Next, we compute the mean square error (MSE) loss ${\mathcal{L}}_{cal}$ of the purified sample ${x_i}^{\prime \prime }$ and the denoised sample $x^{\prime }$ as the guidance loss of the adversarial denoising model.

$${\mathcal{L}}_{cal}=\frac{1}{N}{\left({x_i}^{″},x^{\prime }\right)}^2$$

(6)

After that, we keep the weights of the NVAE model unchanged and use ${\mathcal{L}}_{cal}$ to update the feature representations ${\mu }_i$ and ${\sigma }_i$ of the latent space during back-propagation, as shown in Equations (7) and (8). In particular, such a guidance operation updates the feature representations $m_l$ and $n_l$ of each layer, where $l\in \left[1,L\right)$. Whenever we pass ${\mu }_i$ and ${\sigma }_i$ into the decoder of NVAE, a calibration of the latent distribution is completed.

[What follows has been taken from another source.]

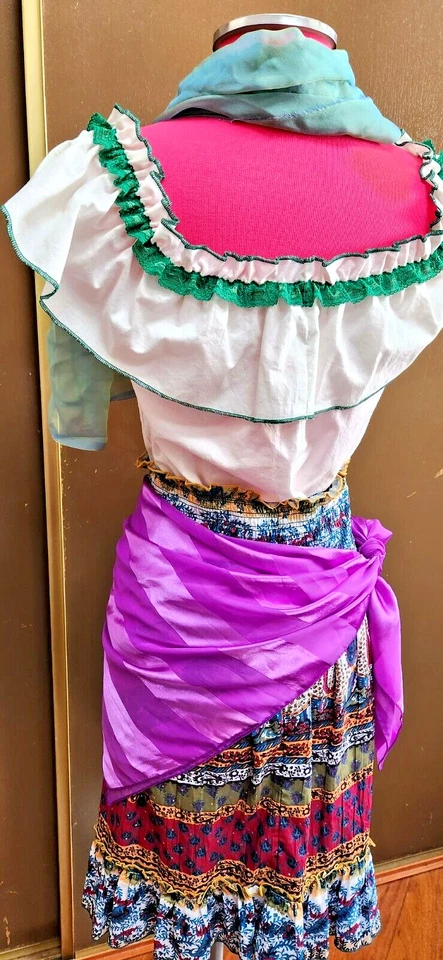 "Gypsy Jones" костюм размер S-M полный комплект w/бонус Kelly зеленый блестками галстук - Изображение 3 из 4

$${\mu }_i={\mu }_{i-1}-\frac{\partial {\mathcal{L}}_{cal}}{\partial {\mu }_{i-1}}$$

(7)

$${\sigma }_i={\sigma }_{i-1}-\frac{\partial {\mathcal{L}}_{cal}}{\partial {\sigma }_{i-1}}$$

(8)

In this way, the latent representation is iteratively updated, thereby changing the latent distribution of the original samples. After repeated adjustments and sampling and filtering operations, the structure of the perturbations is gradually destroyed, and the reconstructed samples are less deceptive to the target model.

4. Experimental Evaluation

4.1. Datasets and Network Architectures

In this section, we first test the effectiveness of the proposed method for defending against adversarial noise on the UC Merced (UCM) land use dataset [55]. Then, we compare our method with baseline adversarial defense methods in the field of computer vision on the CIFAR-10 dataset [56].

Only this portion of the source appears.